Oh yeah. I forgot to mention what my full reason i posted this was.

Yeah there not targeted
Just random people watching fun videos

250K subs
So probably 100K actually watch

So other 100K-500K viewers are just random

Now these random people i just don't count?


----------



## kimura-mma (Jul 26, 2008)

It's your money, so you can count them if you want. But from a targeted marketing perspective, no, you obviously wouldn't count them. They simply can't be relied on to actually want to buy your product.

Have you ever bought a product based on a YouTube ad or sponsorship? I haven't. And I'm willing to bet most "random people watching fun videos" haven't either. That's why target marketing is very important.


----------



## roadrunner197069 (Nov 22, 2015)

Just because someone has tons of viewers to one subject don't mean those viewers interested in that certain subject will watch something unrelated.


----------



## slimen232 (Oct 16, 2015)

Gotchu. Thanks guys!


----------



## NoXid (Apr 4, 2011)

In a word, no.


----------



## djque (Feb 5, 2013)

I actually turn off the button on you-tube when I watch a video. So I don't think that u would get anywhere but loosing $5k. You could post a link on his page like everybody else does and see how that goes.


----------



## FiveOneSix (Sep 10, 2014)

you can do so much more with $5k to throw into promoting!


----------



## slimen232 (Oct 16, 2015)

FiveOneSix said:


> you can do so much more with $5k to throw into promoting!


Any ideas?


----------



## djque (Feb 5, 2013)

slimen232 said:


> Any ideas?


 Are You kidding ???? I mean if not Buy 

New Equipment
Printer
Vinyl Cutter
Silkscreen Press
Heat Press
Used Embroidery Machine 
buy blanks
The list goes on


----------



## FiveOneSix (Sep 10, 2014)

slimen232 said:


> Any ideas?


Either what DJ said or...
Rent a billboard, a bus stop bench, wherever you see ads that you think people will be forced to look at.
News radio commercial...
I don't know what these cost or how effective they would be but better then spam ads on the internet.
Me personally...I'd buy more gear/supplies like DJ said.
Hope I shed a little light on the subject. I don't have much marketing under my belt but I do know that spam ads are not worth it.


----------



## MadeDesigns (Feb 19, 2013)

when was the last time you or someone you know was compelled to buy something from a youtube ad? 
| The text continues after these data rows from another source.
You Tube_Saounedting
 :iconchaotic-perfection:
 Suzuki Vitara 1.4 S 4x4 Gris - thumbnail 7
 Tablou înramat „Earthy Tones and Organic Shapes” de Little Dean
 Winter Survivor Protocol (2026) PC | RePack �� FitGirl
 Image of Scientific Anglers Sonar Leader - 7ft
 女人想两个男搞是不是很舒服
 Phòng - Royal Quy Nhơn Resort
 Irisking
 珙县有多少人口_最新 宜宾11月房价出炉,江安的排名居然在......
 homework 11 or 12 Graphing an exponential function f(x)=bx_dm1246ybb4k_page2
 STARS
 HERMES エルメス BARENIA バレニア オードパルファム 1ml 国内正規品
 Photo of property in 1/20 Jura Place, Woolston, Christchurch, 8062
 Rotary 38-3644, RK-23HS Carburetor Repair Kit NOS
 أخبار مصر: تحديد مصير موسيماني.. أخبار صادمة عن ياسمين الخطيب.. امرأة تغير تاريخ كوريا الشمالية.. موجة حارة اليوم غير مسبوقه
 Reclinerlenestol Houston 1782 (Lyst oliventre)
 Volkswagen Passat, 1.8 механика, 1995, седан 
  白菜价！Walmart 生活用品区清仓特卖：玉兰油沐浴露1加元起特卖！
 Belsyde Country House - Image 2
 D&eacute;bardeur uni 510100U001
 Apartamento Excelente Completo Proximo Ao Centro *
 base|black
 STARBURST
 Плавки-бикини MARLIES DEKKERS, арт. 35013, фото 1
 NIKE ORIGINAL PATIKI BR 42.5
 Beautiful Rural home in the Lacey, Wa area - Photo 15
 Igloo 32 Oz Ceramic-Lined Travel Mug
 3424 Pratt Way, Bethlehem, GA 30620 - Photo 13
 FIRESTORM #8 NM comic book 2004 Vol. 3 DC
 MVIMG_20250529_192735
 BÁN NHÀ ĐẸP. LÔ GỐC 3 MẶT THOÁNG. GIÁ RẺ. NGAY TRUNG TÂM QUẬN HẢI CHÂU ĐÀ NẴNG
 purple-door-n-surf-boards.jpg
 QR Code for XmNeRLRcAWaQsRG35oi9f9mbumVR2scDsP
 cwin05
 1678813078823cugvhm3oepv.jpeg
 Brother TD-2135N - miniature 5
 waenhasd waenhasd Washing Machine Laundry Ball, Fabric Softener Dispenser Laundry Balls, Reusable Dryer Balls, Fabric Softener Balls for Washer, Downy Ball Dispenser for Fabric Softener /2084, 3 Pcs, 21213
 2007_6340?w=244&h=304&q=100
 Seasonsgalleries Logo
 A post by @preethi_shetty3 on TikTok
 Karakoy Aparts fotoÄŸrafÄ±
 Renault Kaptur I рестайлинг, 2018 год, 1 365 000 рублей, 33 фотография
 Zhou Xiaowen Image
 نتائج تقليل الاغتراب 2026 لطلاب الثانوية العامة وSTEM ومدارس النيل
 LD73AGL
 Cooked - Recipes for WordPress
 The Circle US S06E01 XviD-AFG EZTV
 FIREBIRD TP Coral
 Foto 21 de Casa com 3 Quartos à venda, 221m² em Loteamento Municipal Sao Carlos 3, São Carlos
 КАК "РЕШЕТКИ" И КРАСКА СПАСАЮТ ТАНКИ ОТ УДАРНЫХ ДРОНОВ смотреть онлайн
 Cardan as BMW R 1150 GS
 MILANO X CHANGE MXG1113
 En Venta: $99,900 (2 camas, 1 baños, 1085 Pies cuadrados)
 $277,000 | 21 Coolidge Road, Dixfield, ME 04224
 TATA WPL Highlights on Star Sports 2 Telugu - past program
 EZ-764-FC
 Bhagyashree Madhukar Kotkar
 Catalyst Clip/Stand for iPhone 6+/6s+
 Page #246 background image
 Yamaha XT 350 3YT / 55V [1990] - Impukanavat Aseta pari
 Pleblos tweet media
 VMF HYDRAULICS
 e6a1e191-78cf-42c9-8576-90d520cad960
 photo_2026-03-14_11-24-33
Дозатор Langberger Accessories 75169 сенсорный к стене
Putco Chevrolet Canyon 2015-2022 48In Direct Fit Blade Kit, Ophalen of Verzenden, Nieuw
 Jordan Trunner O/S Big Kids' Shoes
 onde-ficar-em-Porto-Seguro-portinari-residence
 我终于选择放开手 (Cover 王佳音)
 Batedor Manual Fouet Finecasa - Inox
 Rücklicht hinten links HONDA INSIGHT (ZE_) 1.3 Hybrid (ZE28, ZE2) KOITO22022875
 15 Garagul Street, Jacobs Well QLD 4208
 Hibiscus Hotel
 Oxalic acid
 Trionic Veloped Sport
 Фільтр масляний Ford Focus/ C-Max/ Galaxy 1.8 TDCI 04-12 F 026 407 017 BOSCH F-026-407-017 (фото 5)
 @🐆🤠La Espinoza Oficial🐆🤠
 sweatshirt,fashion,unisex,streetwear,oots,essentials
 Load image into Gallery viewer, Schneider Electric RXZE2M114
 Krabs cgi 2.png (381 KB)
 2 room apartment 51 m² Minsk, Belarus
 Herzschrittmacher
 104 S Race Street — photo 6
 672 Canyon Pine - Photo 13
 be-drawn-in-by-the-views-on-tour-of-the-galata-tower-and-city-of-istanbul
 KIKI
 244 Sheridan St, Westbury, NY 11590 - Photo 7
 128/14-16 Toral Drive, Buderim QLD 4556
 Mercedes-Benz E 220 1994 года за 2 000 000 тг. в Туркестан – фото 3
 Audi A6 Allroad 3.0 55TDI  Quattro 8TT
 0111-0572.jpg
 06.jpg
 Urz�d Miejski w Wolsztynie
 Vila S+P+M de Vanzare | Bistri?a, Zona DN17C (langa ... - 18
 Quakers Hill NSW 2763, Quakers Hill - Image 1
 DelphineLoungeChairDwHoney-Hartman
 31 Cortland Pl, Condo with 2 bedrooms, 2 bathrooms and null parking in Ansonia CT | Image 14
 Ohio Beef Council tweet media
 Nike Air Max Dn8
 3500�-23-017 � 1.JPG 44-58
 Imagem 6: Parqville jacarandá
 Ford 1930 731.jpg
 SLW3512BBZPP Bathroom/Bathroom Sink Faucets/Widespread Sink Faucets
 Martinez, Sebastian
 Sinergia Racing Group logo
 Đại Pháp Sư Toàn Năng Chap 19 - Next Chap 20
Better spend half of that on promotional items as give aways. To me thats way better than random youtube views. If this person had a million viewers then I might consider it. Or if he was charging you $500 for this then maybe. 

But $5000? 5 Grand? to make a youtube video ? I don't think so.

I'd buy equipment .


----------



## Leg cramps (Feb 9, 2009)

I am also thinking of how to advertise when I launch my company nationally. Can you link one of his videos here? 5k is a *lot* of money. I am not saying its not worth it, I haven't seen his videos. If he is making a video specifically for your products I can see the expense. Heck building a web site can cost 5k. I agree with previous poster that you should really target your market. It is great he gets 200k hits on his videos, but I would look around, you may find a bigger you tube celebrity to do your promo work. My "niche" is in strip clubs and porn shops. Some ways I am considering spending my advertising $$ is a trade show booth at the ED expo.The EXPO Tradeshow features companies that provide products and services that can be utilized by adult club owners and operators, club staff, DJs and feature entertainers. These include everything from carpet to sound & lighting, from credit card processing to digital media marketing, from major liquor companies to food service vendors, and many, many more EXPO 2016 Special Package


A complimentary booth at the EXPO 2016 Tradeshow $899 
Full-page display advertisement in the EXPO 2016 Program Guide $499 
Half-page display advertisement in the September and November issues of ED Club Bulletin $899 
Your company banner on the convention website, The ED EXPO, for six months $599 
Announcement of your company’s Tradeshow booth in ED’s weekly e-Newsletter. $99
  
*Regular $5,990 Special discount *
* price of $2,995*

 http://www.theedexpo.com/ so by the time I pay for hotel, flight, food and beverage I am up to 5k. But it is exactly who I want to be selling to. I also am considering advertising on the strip club radio network and Magazines distributed at the clubs such as http://www.xtrememagazine.com/. Also for 600 bucks I can purchase an excel sheet-name, address and phone list to every strip club and porn shop in the USA for a mass mailing campaign. Hope this helps you in the direction you need to go.


----------



## slimen232 (Oct 16, 2015)

Leg cramps said:


> I am also thinking of how to advertise when I launch my company nationally. Can you link one of his videos here? 5k is a *lot* of money. I am not saying its not worth it, I haven't seen his videos. If he is making a video specifically for your products I can see the expense. Heck building a web site can cost 5k. I agree with previous poster that you should really target your market. It is great he gets 200k hits on his videos, but I would look around, you may find a bigger you tube celebrity to do your promo work. My "niche" is in strip clubs and porn shops. Some ways I am considering spending my advertising $$ is a trade show booth at the ED expo.The EXPO Tradeshow features companies that provide products and services that can be utilized by adult club owners and operators, club staff, DJs and feature entertainers. These include everything from carpet to sound & lighting, from credit card processing to digital media marketing, from major liquor companies to food service vendors, and many, many more EXPO 2016 Special Package
> 
> 
> A complimentary booth at the EXPO 2016 Tradeshow $899
> ...


Thank you so much for revealing this info 
I learned something new


----------



## GeekMan (May 13, 2015)

Boy with $5,000 to spent you could probably do a lot with good SEO and advertising online.


----------



## NoXid (Apr 4, 2011)

Leg cramps said:


> I am also thinking of how to advertise when I launch my company nationally... My "niche" is in strip clubs and porn shops...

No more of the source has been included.